[prometheus-users] Re: Prometheus using a large amount of memory when managing storage.

2021-10-21 Thread Chad Sesvold

I was just tweaking the TSDB block durations to match prod.  I was reading 
that we might want to reduce the TSDB block durations to help free up 
memory.

We are seeing OOM in the system logs.  I am watching memory using the 
following command.

watch "ps ax -o pcpu,rss,ppid,pid,stime,args | grep 'prometheus/prometheus' 
| grep -v grep"

I am not sure what is meant by node.  I was running go profiling tool found 
in https://source.coveo.com/2021/03/03/prometheus-memory/ and the output 
was from the go tool.  

go tool pprof -symbolize=remote -inuse_space 
https://monitoring.prod.cloud.coveo.com/debug/pprof/heap
On Saturday, October 16, 2021 at 4:36:36 AM UTC-4 Brian Candler wrote:

> Is there a specific reason why you're tweaking the TSDB block durations?  
> That is, did you observe some problem with the defaults?  Otherwise I'd 
> suggest you just run with defaults.
>
> In any case, if the problem you're debugging is discrepancies between prod 
> and non-prod, you should be running with the same flags in both.
>
> On Friday, 15 October 2021 at 20:51:47 UTC+1 tass...@gmail.com wrote:
>
>> I did add some file targets back in none-prod  for a total of 900 checks 
>> and prometheus leveled out at about 22 GB.
>>
>
> Not sure what you mean by "900 checks" here.  Do you mean targets? 
> Metrics?  Alerting rules?
>
> And how are you determining the total RAM usage? (If you're getting OOM 
> killer messages then you're definitely hitting the RAM limit.  It's worth 
> mentioning that older versions of go tended not to hand back memory to the 
> OS as aggressively, but they did mark the pages as reclaimable and the OS 
> would reclaim these when under memory pressure.  But recent prometheus 
> binaries should be built with a recent version of go - assuming you're 
> using the official release binaries and not ones you've compiled yourself)
>  
>
>> Prod - TSDB Status - Head Stats
>> Number of Series=2 million
>> Number of Chunks=11million
>> Number of Label=59k
>> PairsCurrent Min Time=2021-10-15T16:00:00.006Z (163431366)
>> Current Max Time=2021-10-15T18:51:07.414Z (1634323867414)
>>
>> Non-Prod - TSDB Status - Head Stats
>> Number of Series=82k
>> Number of Chunks=400k
>> Number of Label=2k
>> PairsCurrent Min Time=2021-10-15T18:05:27.705Z (1634321127705)
>> Current Max Time=2021-10-15T18:50:58.200Z (1634323858200)
>>
>>
> That suggests the non-prod should be using a lot less RAM - the number of 
> head chunks in particular.
>  
>
>> Prod 
>> Showing nodes accounting for 3939.82MB, 73.70% of 5345.97MB total
>> Dropped 292 nodes (cum <= 26.73MB)
>>
>> Non-prod
>> Showing nodes accounting for 1.43GB, 91.54% of 1.56GB total
>> Dropped 133 nodes (cum <= 0.01GB)
>>
>
> What do you mean my "nodes" here?  And what are "dropped nodes"?
>
> I'm looking at prometheus 2.29.2 here, so maybe there are some new stats 
> in 2.30 that I can't see.
>

-- 
You received this message because you are subscribed to the Google Groups 
"Prometheus Users" group.
To unsubscribe from this group and stop receiving emails from it, send an email 
to prometheus-users+unsubscr...@googlegroups.com.
To view this discussion on the web visit 
https://groups.google.com/d/msgid/prometheus-users/14e693df-fdce-408f-94c7-bddadbe0e2d0n%40googlegroups.com.

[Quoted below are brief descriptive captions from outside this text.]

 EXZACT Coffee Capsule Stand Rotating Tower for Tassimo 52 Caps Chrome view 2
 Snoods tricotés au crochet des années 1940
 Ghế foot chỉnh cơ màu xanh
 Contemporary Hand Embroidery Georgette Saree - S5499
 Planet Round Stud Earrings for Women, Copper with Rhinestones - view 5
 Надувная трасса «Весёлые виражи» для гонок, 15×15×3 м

Re: [prometheus-users] Re: Prometheus using a large amount of memory when managing storage.

2021-10-21 Thread Chad Sesvold
So I have been doing a little more testing.  I did find that we had some 
software installed on the non prod boxes that was causing some issues.  We 
were scaling metrics every 20 seconds.  My guess is that the software was 
slowing down prometheus writes.  I am guessing that I had a race condition 
of some kind.  Metrics were coming in at a higher rate then they could bw 
written to on the file system.  Once we disabled the software things seem 
to stabilize, but only after deleting all of the data.

The weird part is that with the 45 days worth of data there is still an 
issue starting prometheus with no targets.  I am wondering if prometheus 
was trying to update or convert the data store after going from 2.30.2 to 
2.30.3.  Prod is on version 2.30.0.  Then again Have rolled back and 
patched so many time it could have caused issues with the date store.  Then 
you add on to of it I am using NFS instead of a local file system.  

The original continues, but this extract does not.